Cette œuvre de maturité, exposée au salon de 1841, alliant la couleur romantique à la rigueur classique de l'enseignement académique, est un des rares exemples de la production religieuse de Julien-Michel Gué (1789–1843). Ce dernier s’illustra aussi dans les sujets antiques néoclassiques, les paysages et même les décors, essentiellement pour les théâtres.
La scène représente un épisode biblique tiré de l'Évangile selon saint Matthieu.

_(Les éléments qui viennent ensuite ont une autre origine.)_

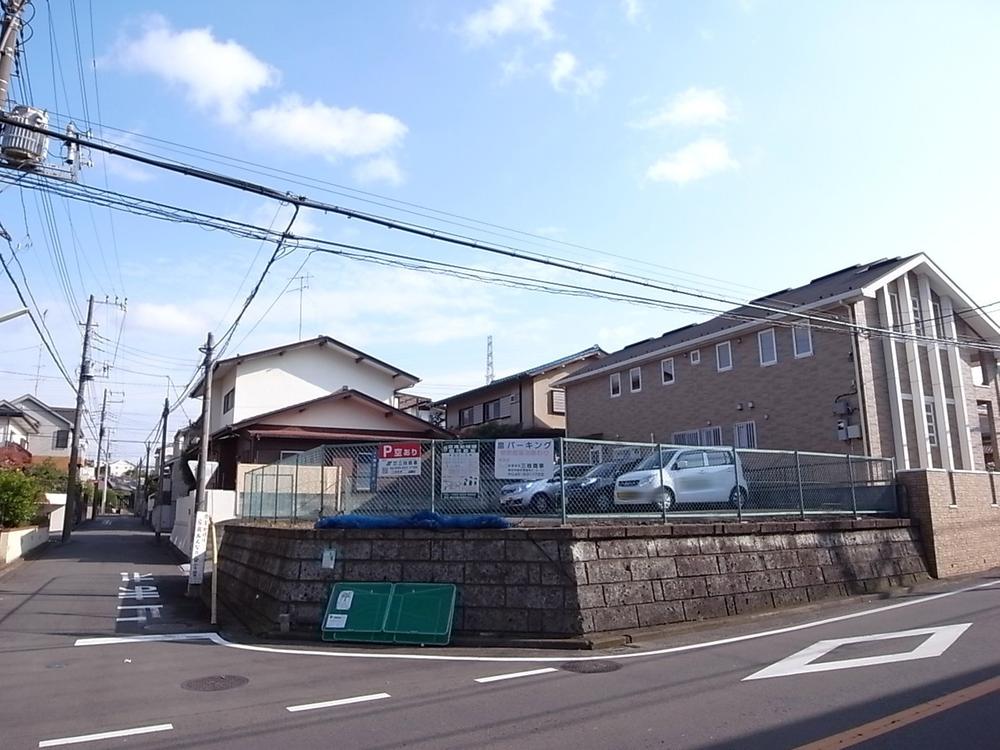 Local photos, including front road. Local (12 May 2012) shooting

Le roi Hérode, ayant appris par les Mages la naissance à Bethléem du « roi des Juifs », ordonne la mise à mort de tous les enfants de la ville de moins de deux ans. Joseph est averti en songe par un ange qu’il doit fuir la Judée pour rejoindre l’Égypte avec l’enfant Jésus et sa mère afin d’échapper au massacre.
Les figures classiques et la gestuelle délicate de la Sainte Famille évoquent dans cette composition équilibrée les compositions de Raphaël, que Gué connaissait pour les avoir étudiées au Louvre mais aussi pour les avoir vues pendant son voyage en Italie.
Dans la lignée de son maître David, l'artiste se veut fidèle au texte historique, suivant le goût pour les études archéologiques de l’époque : les pyramides d’Égypte se dressent à l’arrière-plan, annonçant le futur sanctuaire de la famille.
Le turban de bédouin de Joseph, le traitement de la lumière du ciel blanc-beige, qui évoque la chaleur du désert, ajoutent à cette invitation à rêver d’Orient. Le palmier, quant à lui, n’est pas qu’un simple élément pittoresque ou élément de composition : il fait aussi référence à l’évangile apocryphe (non reconnu comme canonique par l’Église) du pseudo-Matthieu, qui retrace l’enfance du Christ et rappelle le « Miracle du palmier ». Ce dernier se courbe miraculeusement grâce à Jésus, permettant à Marie d’en saisir les fruits pour se nourrir.
Si la critique autant que l’Église soulignaient le manque de religiosité de ce type d’œuvres, un peu trop profanes à leur goût, elles correspondaient à la découverte et à l’attrait grandissant de l’Orient à cette époque, contribuant à une revivification de la peinture religieuse dans une veine orientaliste.